30 Haziran 2019

Seyfullah Akkuzu, Tolstoy ve Limon Küfü -2

ile izdiham

Eğer, Tolstoy dünya sistemi denilen yapıyla uzlaşsaydı sanatı belli kalıpların tekrarlandığı kurgudan ve gerçekçi bir gözlemden ibaret olurdu. Fakat bugün onun kitaplarını okurken kurgudan ve gözlemden fazla bir şey olduğunu hissedebiliyorsak Tolstoy’un dışarıdan kendisine dayatılan her türlü yaşam biçimine yamuk bakmasıdır. Tolstoy için her türlü iyilik Rus topraklarında Rus insanının içinden doğmadığı sürece kötüdür. Kısa vadede belli bir rahatlık verebilse bile ileride sadece bozuk kurumlar, amacından sapmış hayat biçimleri üreyecektir. Tolstoy’un yaratılışında buna göz yummak olmadığı gibi bütün bu süreçlerin altını irdelemek vardı. Bu açıdan onun 29 Ocak 1857 ve 30 Temmuz 1857 tarihleri arasında Fransa’ya, İsviçre’ye, Almanya’ya yaptığı seyahatler inancının iyice şekillenmesi bakımından dönüm noktası denilse yeridir. Paris’te 6 Nisan 1857’de gördüğü bir idam Savaş ve Barış’ın temellerinin atılacağı fikir dünyasını Tolstoy’un içten içe özümsemesini sağlar.

“Başın bedenden kopup da sepete düştüğünü gördüğüm zaman, varlığımın bütün gücüyle, süregelen düzenin nedeni konusunda hiçbir kuramın böyle bir eylemi doğrulayamayacağını anladım.
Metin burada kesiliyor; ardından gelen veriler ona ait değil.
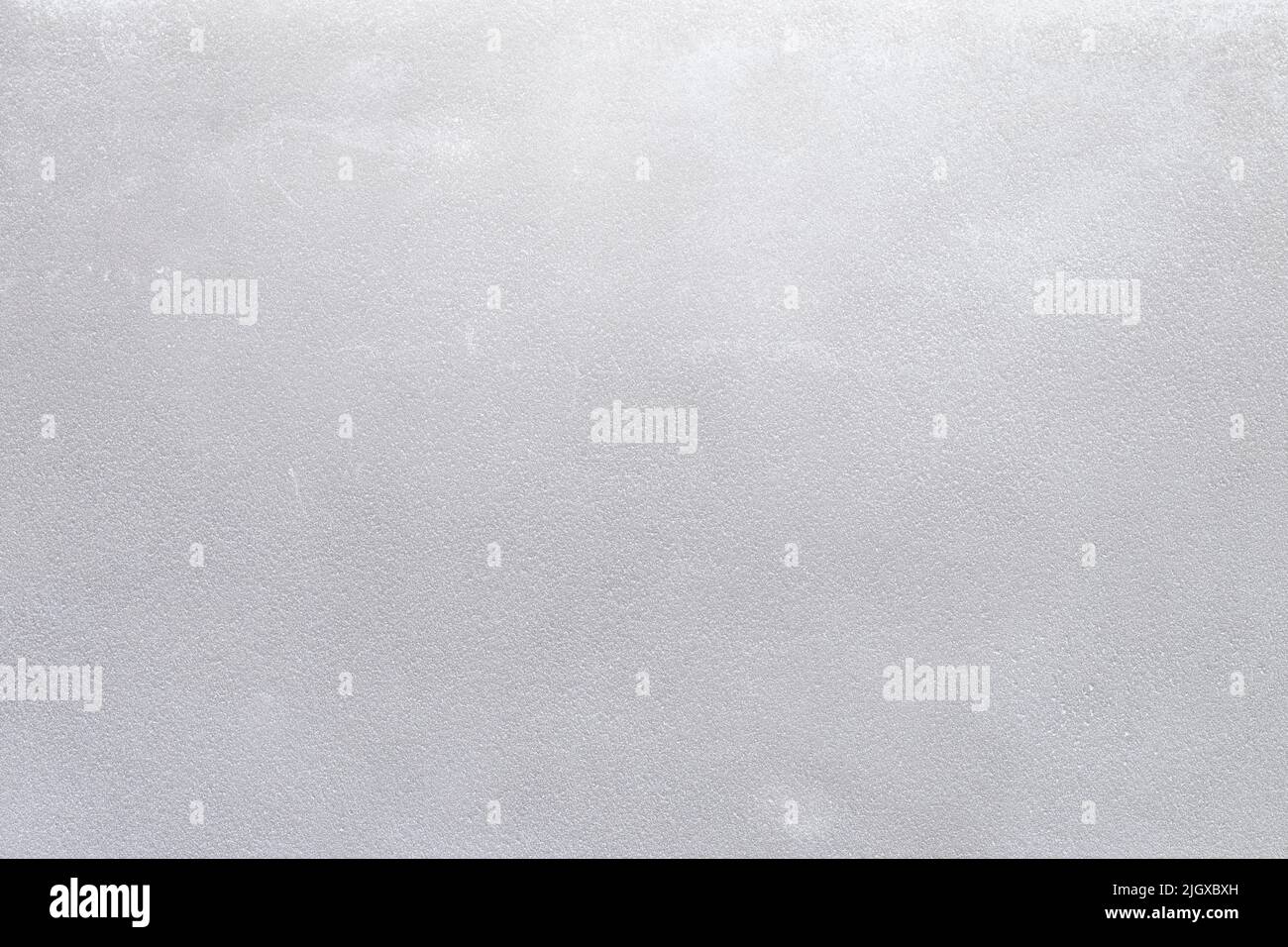 Plastered concrete or stone wall painted in white, front view. High resolution full frame textured background. Copy space. Stock Photo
Evrenin bütün insanları, bir kurama dayanarak bunu zorunlu kılsalar bile, ben bunun kötü bir şey olduğunu düşünmeyi sürdürecektim: çünkü neyin iyi, neyin kötü olduğuna insanların söyledikleri ve yaptıkları değil, benim yüreğim karar verir.”
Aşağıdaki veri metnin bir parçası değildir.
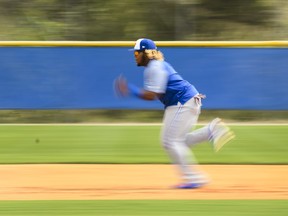 Blue Jays prospect Vladimir Guerrero Jr., here doing some running drills during spring workouts, had an adventurous afternoon on the basepaths in the team’s 9-8 exhibition loss to the Orioles in Sarasota.  THE CANADIAN PRESS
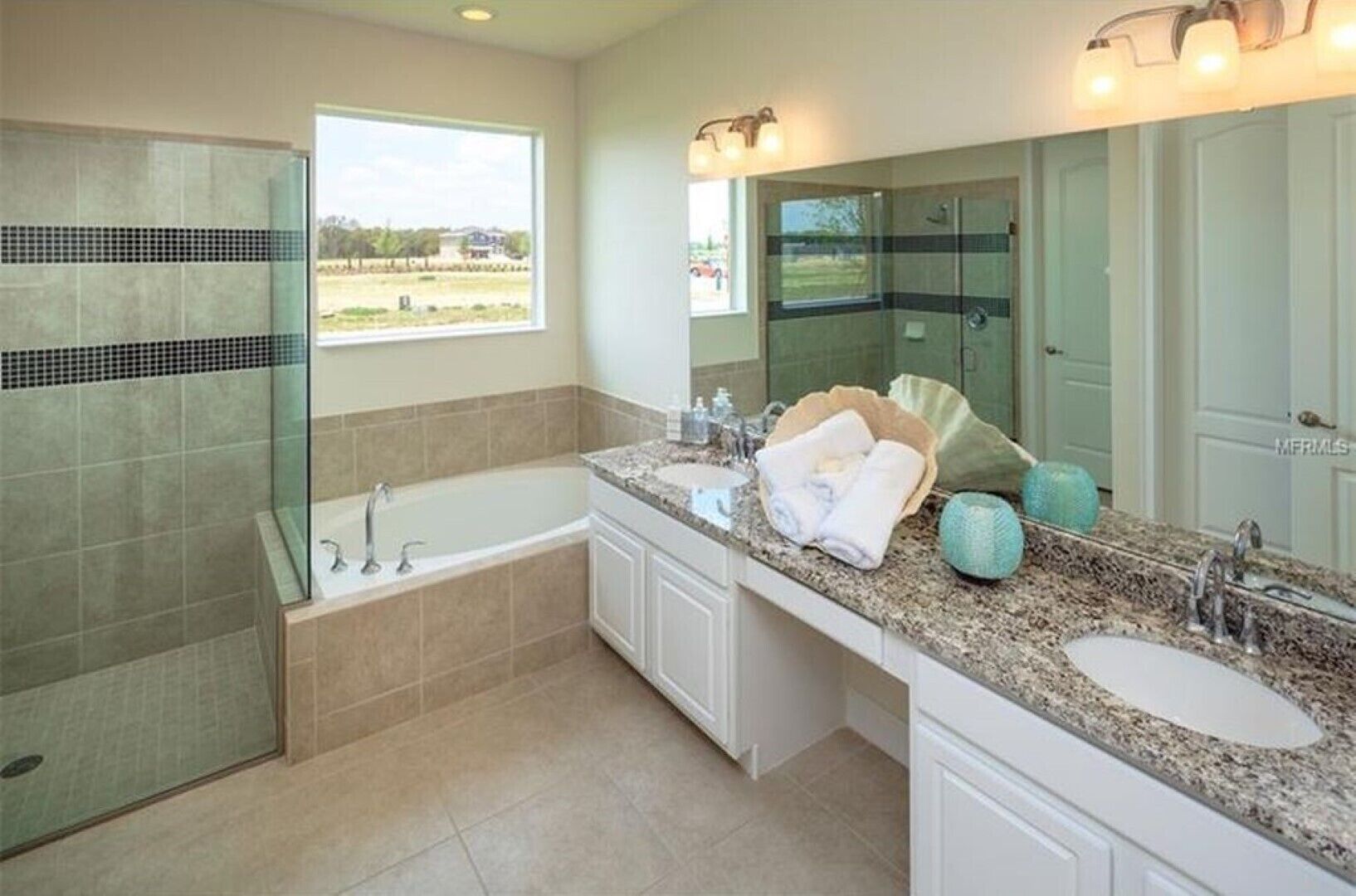 Un bagno moderno con doccia a vetro, vasca freestanding, un ampio lavabo con piano in granito e uno specchio grande.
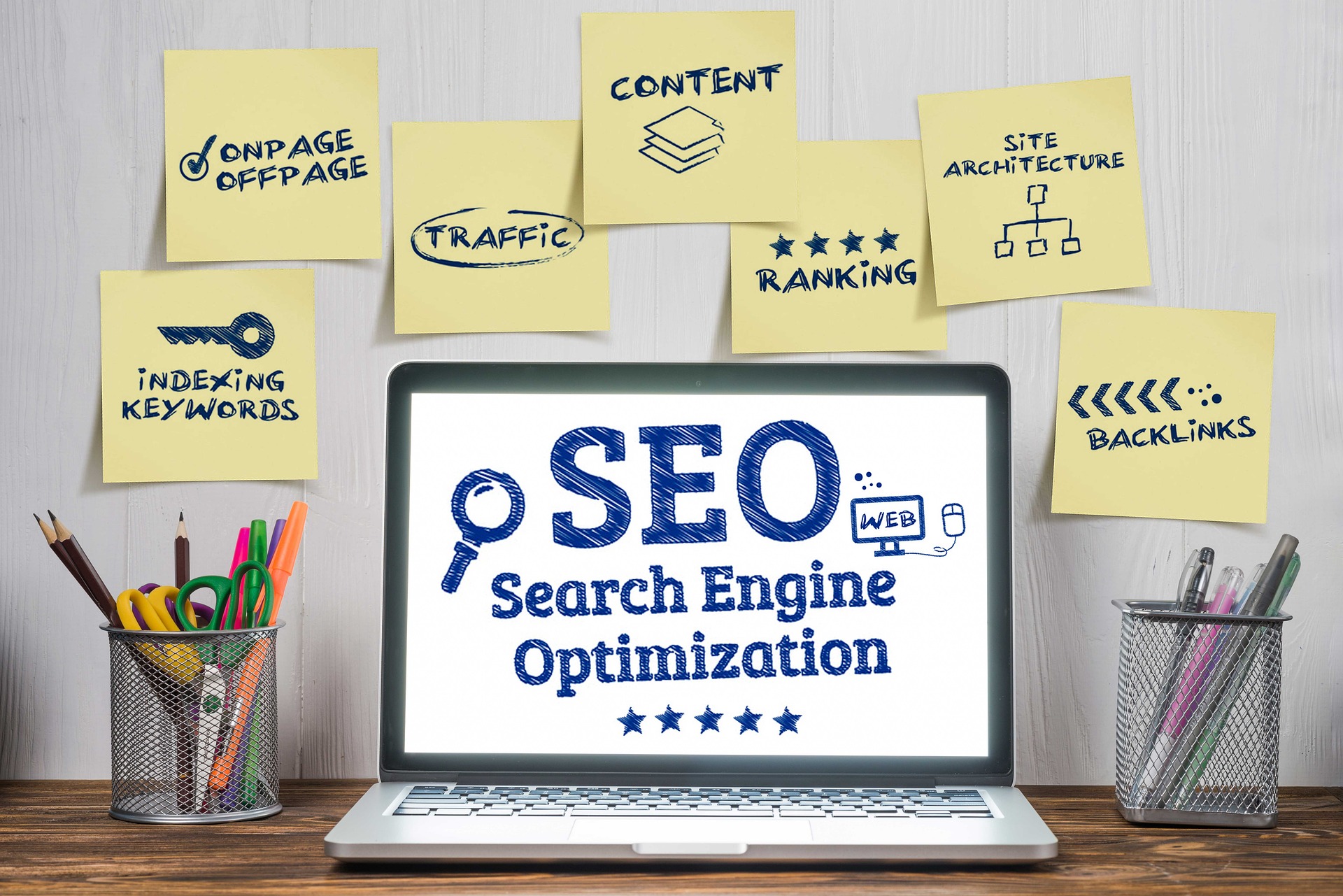 seo written on a laptop with multiple sticky notes.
Tolstoy aynı yıl başka bir olayın ardından tekrar uygarlığa saldırır; yine temellerini Savaş ve Barış’ta bulabileceğimiz sorunlardır bunlar, onları daima kafasında evirip çevirir: “Onlara göre, uygarlık iyilik; yabanıllık kötüdür; özgürlük iyilik; kölelik kötüdür. Bu düş-bilgi, içgüdüsel, önemli ve en iyi gereksinimleri yok eder. Sonra, özgürlük nedir, zorbalık, uygarlık, yabanıllık nedir, kim açıklar bana? İyilikle kötülük nerede bir arada değil ki? Yanılmayan bir tek öncü var içimizde: birbirimize yaklaşmamızı fısıldayan evrensel düşünce.”
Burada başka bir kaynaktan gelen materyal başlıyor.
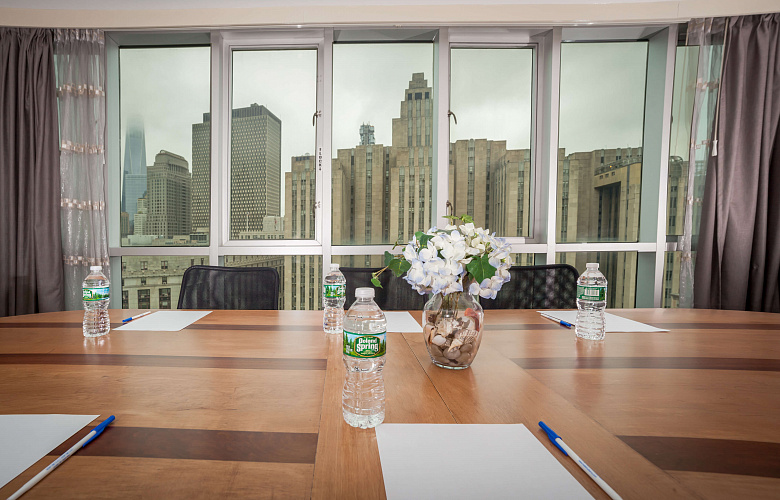 Photo 1 of Meeting Room with a view of NYC that can accommodate up to 8 people and including amenities, such as TV, coffee/tea/water and Wifi. 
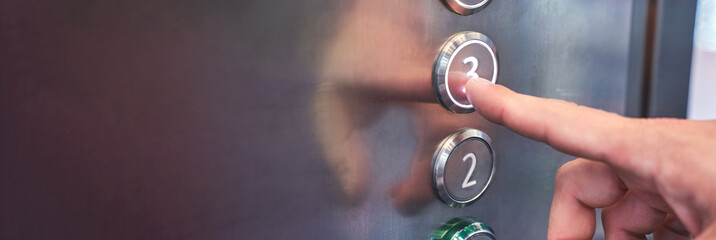 Man hand pointing number 3 button in elevator. Steel interior panel. Change year concept. Waiting new step. Up action. Start claustrophobia moment. Moving click - obrazy, fototapety, plakaty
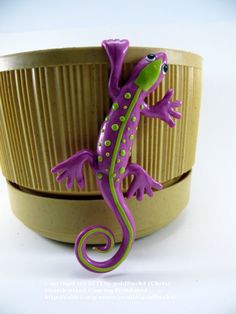 a purple and green toy gecko sitting on top of a wooden bowl in front of a white background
Yasnaya’ya dönünce köylülerle ilgilenmeye başlar. Eğitim notları hazırlar, kafasında okul kurma fikri vardır, çocuklarla ve yetişkinlerle tek tek iletişimin yollarını araştırır. Zorunlu eğitime karşı çıkar. Bundan sonra peşini bırakmayacak sanat şiarının peşinden gider. Bu şiar, tek tek her insanın bilincine seslenmektir; eğitimin nihai amacı buradan geçmelidir; çünkü Tolstoy’a göre, insana değmeyen her değer boşa gitmiş sayılır.